Она говорит о комнате, где когда-то спала, о том, как ехала в поезде, что любит кофе, но все понимают, что дело совсем в другом. И Аня с Варей уходят, не выдержав напряжения.
Тут важна сердцевина, точечка внутреннего раздражения. И ради этого можно забыть другие подробности быта и жизни. Проскочить мимо того, что не нужно, не важно, и попасть в эту сердцевину.
Не слепок жизни, а смелый росчерк очень важного чувства и важной мысли.
Опасность и беспечность.
Беззащитность.
Быстротекущая жизнь и „недотепы“.
Неумелое сопротивление надвигающейся беде.
Уходит прошлое, а будущее не наступило».
Эфрос в своей книге потом напишет: «Пройдя второй акт, я спросил актеров, в чем, по их мнению, разница между первым и вторым актом.

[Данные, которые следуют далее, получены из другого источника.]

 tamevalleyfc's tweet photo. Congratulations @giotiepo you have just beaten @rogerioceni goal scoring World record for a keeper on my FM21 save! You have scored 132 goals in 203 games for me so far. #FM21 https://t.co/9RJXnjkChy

В конце концов мы решили, что первый в основном связан только с приездом Раневской и ее встречей с домом. А во втором требуется немедленный ее ответ на вопрос, что делать с имением. И оттого, что она так или иначе уходит от этого ответа, на наших глазах сгущаются тучи, сгущаются за эти двадцать минут. Она призывает на себя эти тучи, эту грозу. Воздух становится иным. Сама природа как бы предупреждает об опасности. И наконец этот звук, доносящийся с неба».

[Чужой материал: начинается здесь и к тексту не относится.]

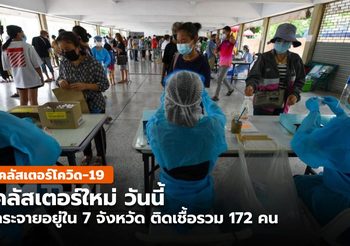 ศบค. รายงาน พบคลัสเตอร์ใหม่ 7 จังหวัด พื้นที่โรงงาน-ตลาด-บริษัท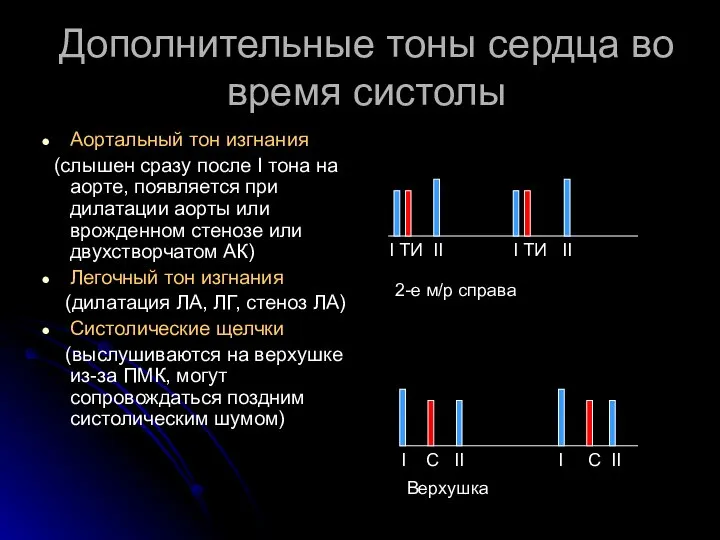 Дополнительные тоны сердца во время систолы Аортальный тон изгнания (слышен сразу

Соединение Эфроса и «Таганки» в «Вишневом саде» дало неожиданный результат. Уже в декорации Левенталя было это неожиданное соединение. Я помню, когда принимали на художественном совете макет Левенталя, было много сомнений.
Вспоминая свою работу над «Вишневым садом», Эфрос потом напишет в своей книжке: «Как будет интересно, когда макет Левенталя станут принимать Любимов и Боровский. Это, по-моему, будет хорошо, когда показная стихия таганковских актеров ворвется на репетиции в эту нежную ткань. Только притом надо, чтобы была эта нежная ткань, чтобы была эта боль, а тогда пусть будет и таганковский Гаев, и таганковская Шарлотта. Может быть, и получится чеховский „психологический балаган“.
Вымирающее племя чудаков. Маленькое, беспомощное, несчастное стадо. Но на Таганке это не будет сентиментально. В центре, на пятачке, и сад, и плиты могил, и даже мебель – весь натюрморт их прошлой и настоящей жизни. Оплот их жизни. Они часто все усаживаются там, как в засаде.
Шесть тысяч маленьких белых цветков сделают в мхатовской мастерской для вишневых деревьев на Таганке.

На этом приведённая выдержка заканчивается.